■ REQUIREMENT
Give again only the lines from the line that holds "Vintage Vintage Y2K" to the end of the data, inclusive, omitting all pictures.

■ MATERIAL FOR THIS TASK
========================

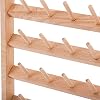 Tosnail Large 2 Pack Wooden Thread Racks, 48 Spools Wall Mount Storage Organizer for Sewing & Embroidery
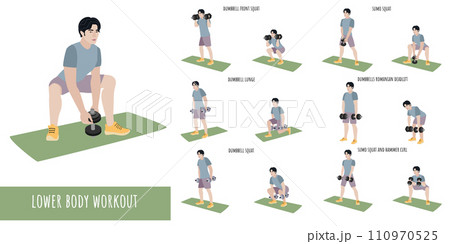 Healthy man doing lower body workout Healthy man doing lower body workout 110970525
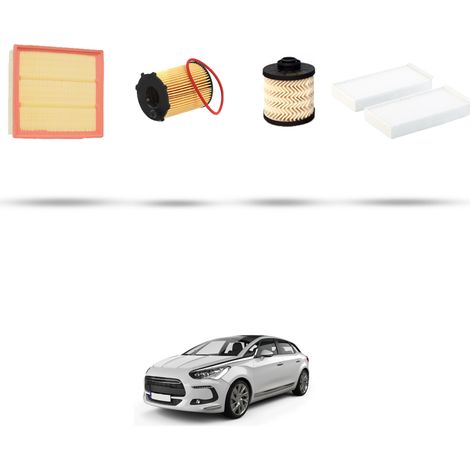 Kit tagliando 4 filtri compatibile con Citroen Ds5 1.6 BlueHDi 85kw dal 2013 (1/5)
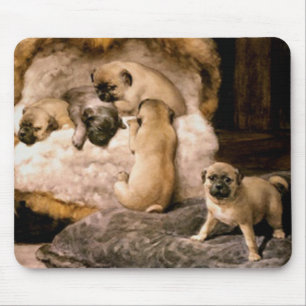 Mopsvalpar Mousepad Musmatta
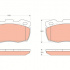 Sada brzdových destiček TRW GDB1452 - LANDROVER DEFENDER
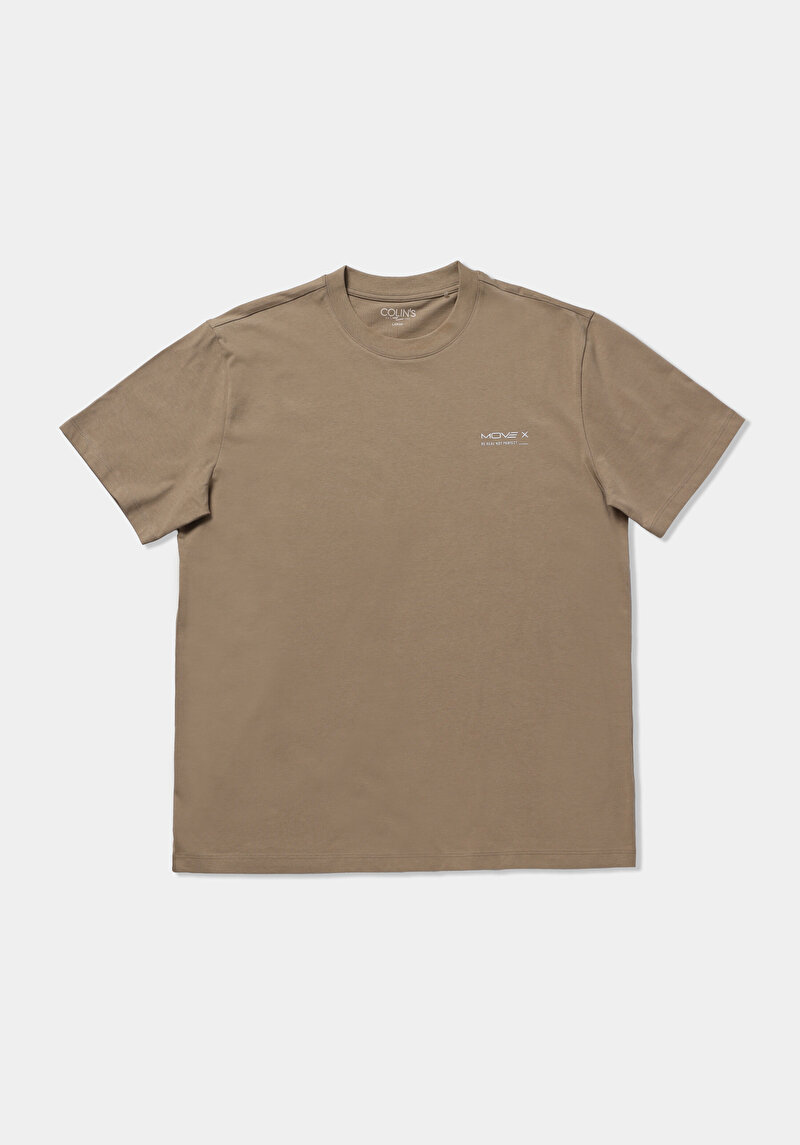 Зображення Футболка З Коротким Рукавом Чоловіча Бежева
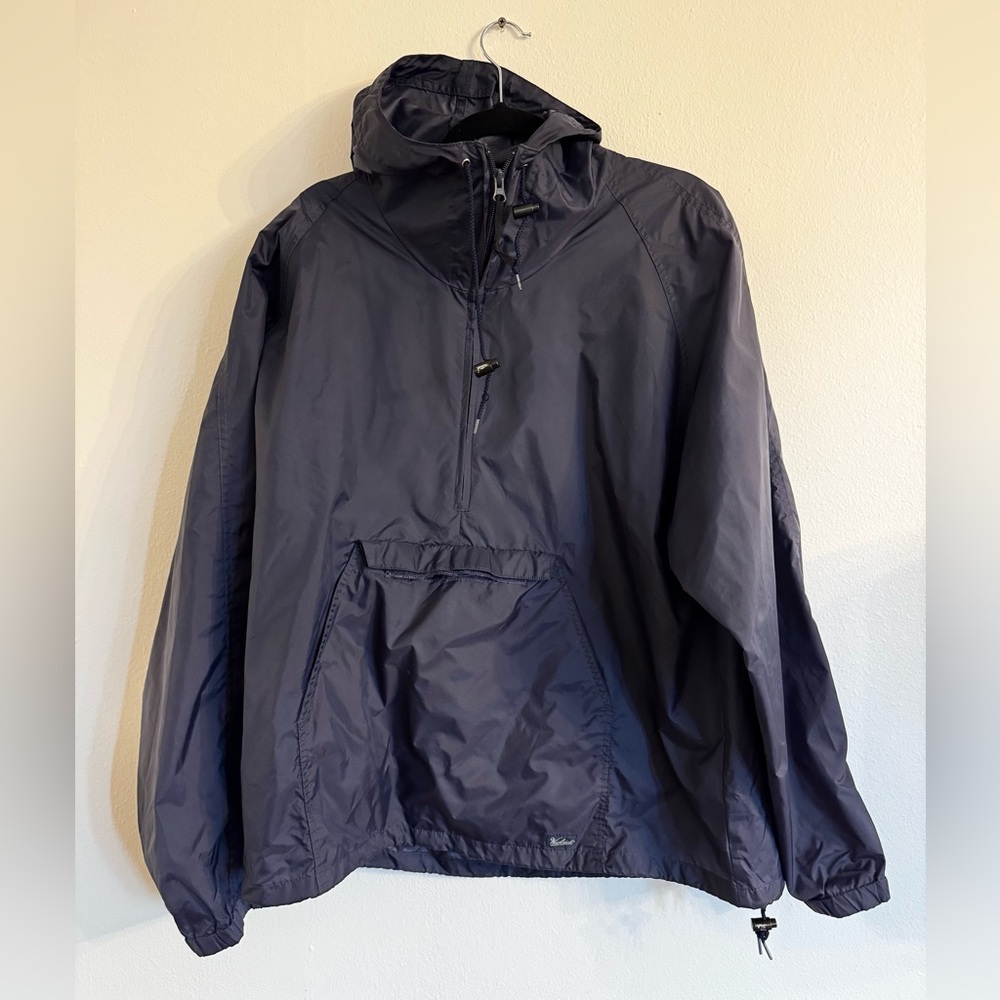 Woolrich Vintage Navy Windbreaker Jacket
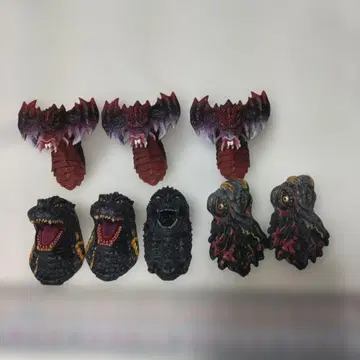 제일복권 고질라 괴수난무 피규어 8개 세트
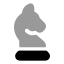 Chess icon with bulk rounded style
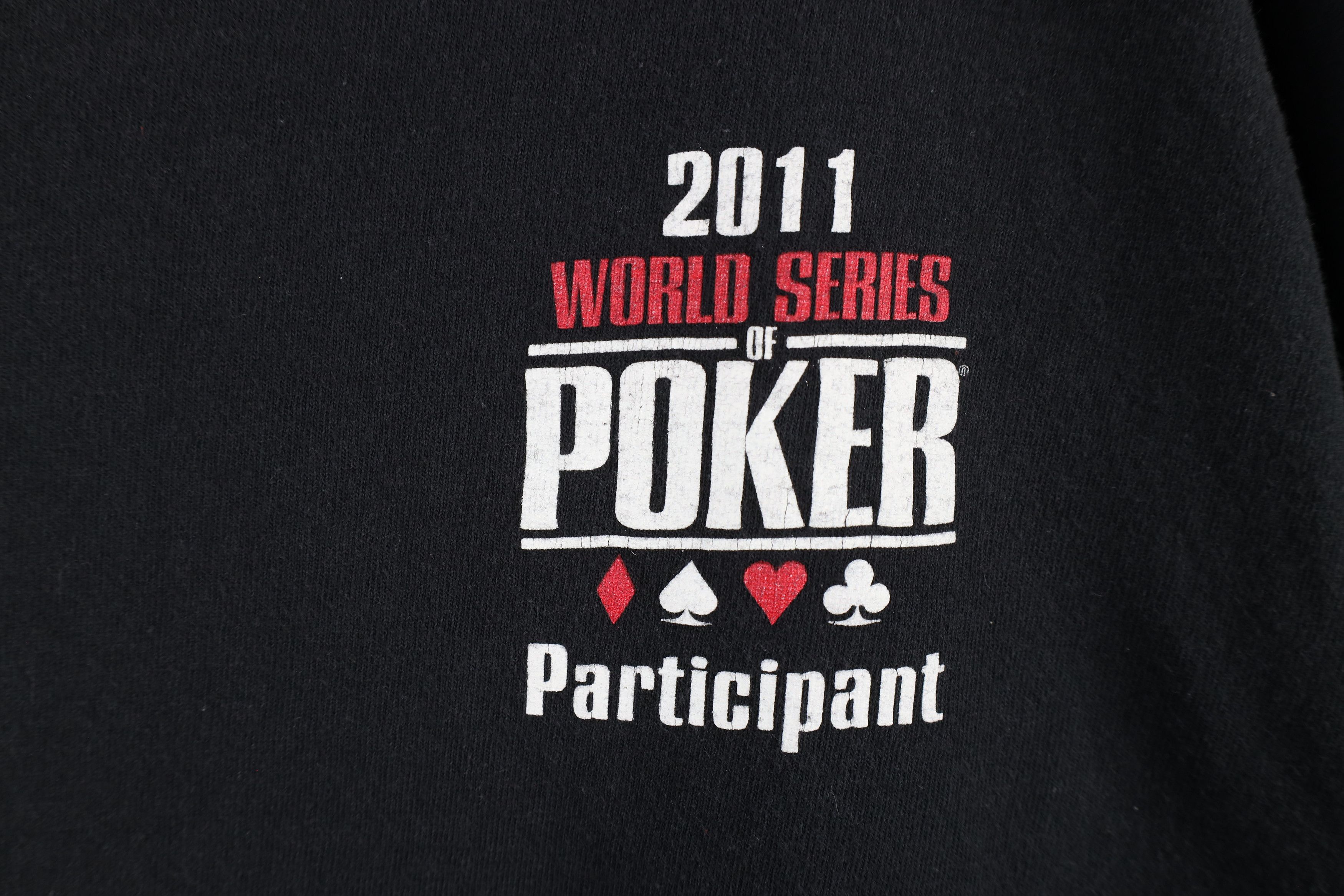 Vintage Vintage Y2K World Series of Poker Participant T-Shirt Black Size US L / EU 52-54 / 3 - 4 Thumbnail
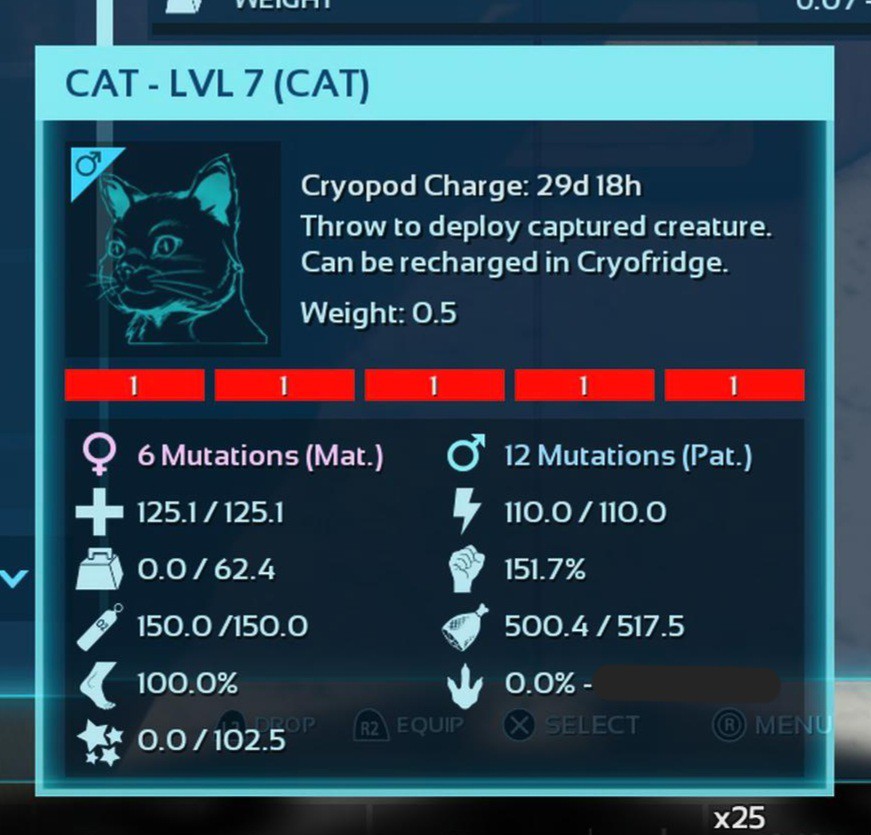 ARK ASCENDED PVE OFFICIAL PAIR CLONE CAT FULL RED ID01 (LOW LEVEL) PC/XBOX/PS5
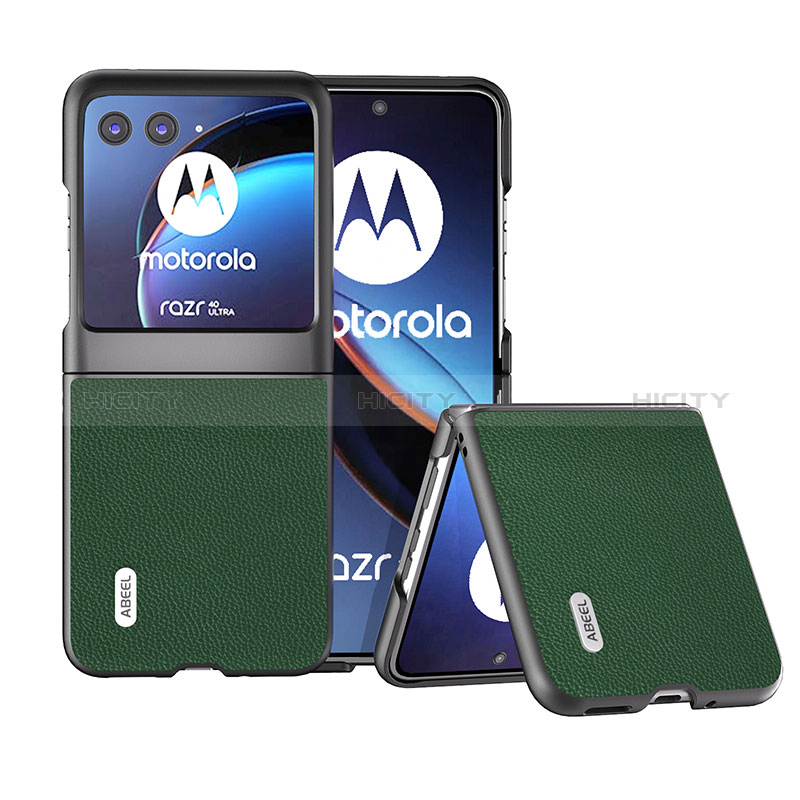 Funda Silicona Goma de Cuero Carcasa BH3 para Motorola Moto Razr 40 Ultra 5G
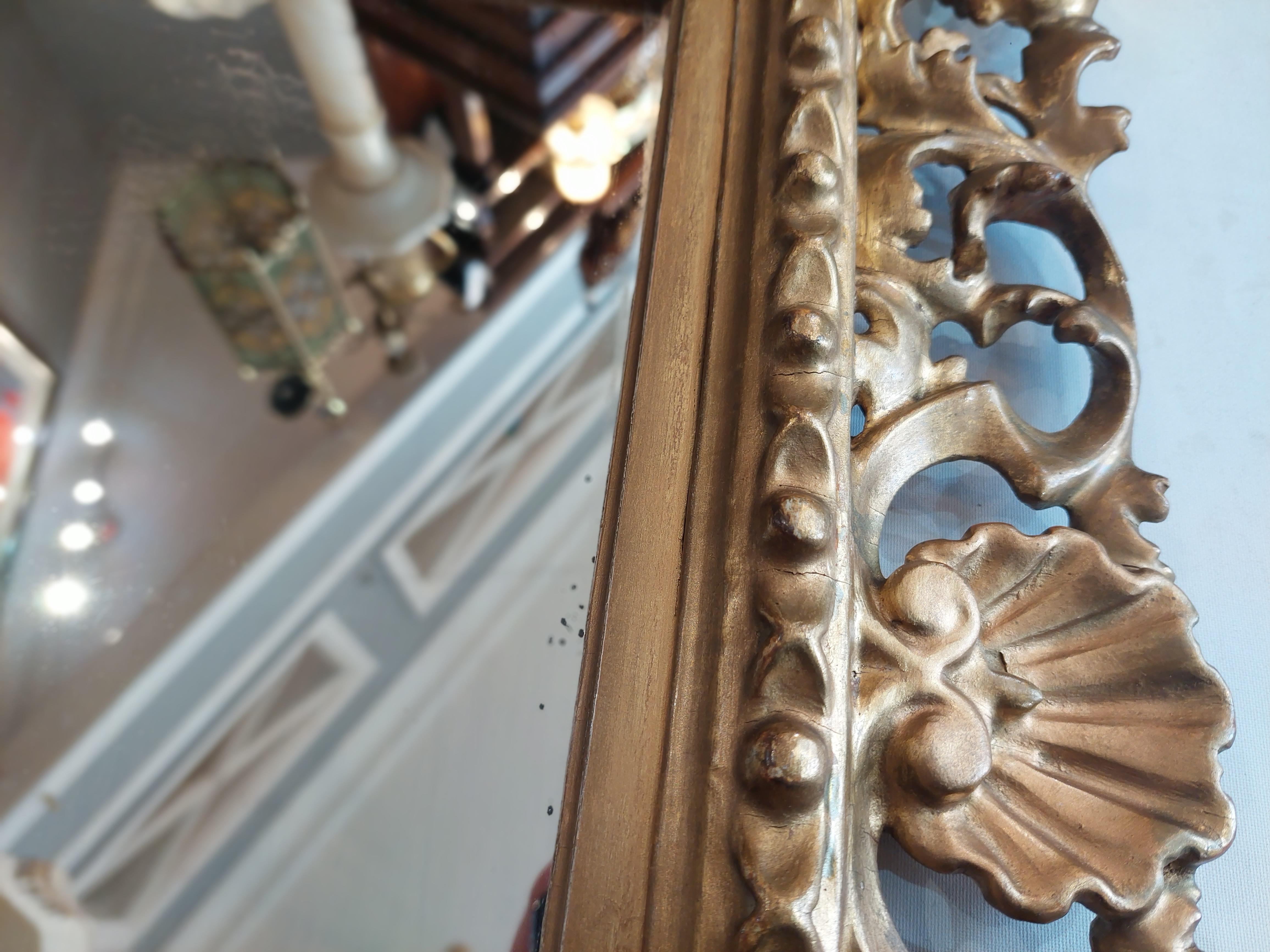 Miroir Victorien en bois doré de style Florentine Bon état - En vente à Altrincham, GB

========================

■ WRITTEN RESPONSE
 Vintage Vintage Y2K World Series of Poker Participant T-Shirt Black Size US L / EU 52-54 / 3 - 4 Thumbnail
 ARK ASCENDED PVE OFFICIAL PAIR CLONE CAT FULL RED ID01 (LOW LEVEL) PC/XBOX/PS5
 Funda Silicona Goma de Cuero Carcasa BH3 para Motorola Moto Razr 40 Ultra 5G
 Miroir Victorien en bois doré de style Florentine Bon état - En vente à Altrincham, GB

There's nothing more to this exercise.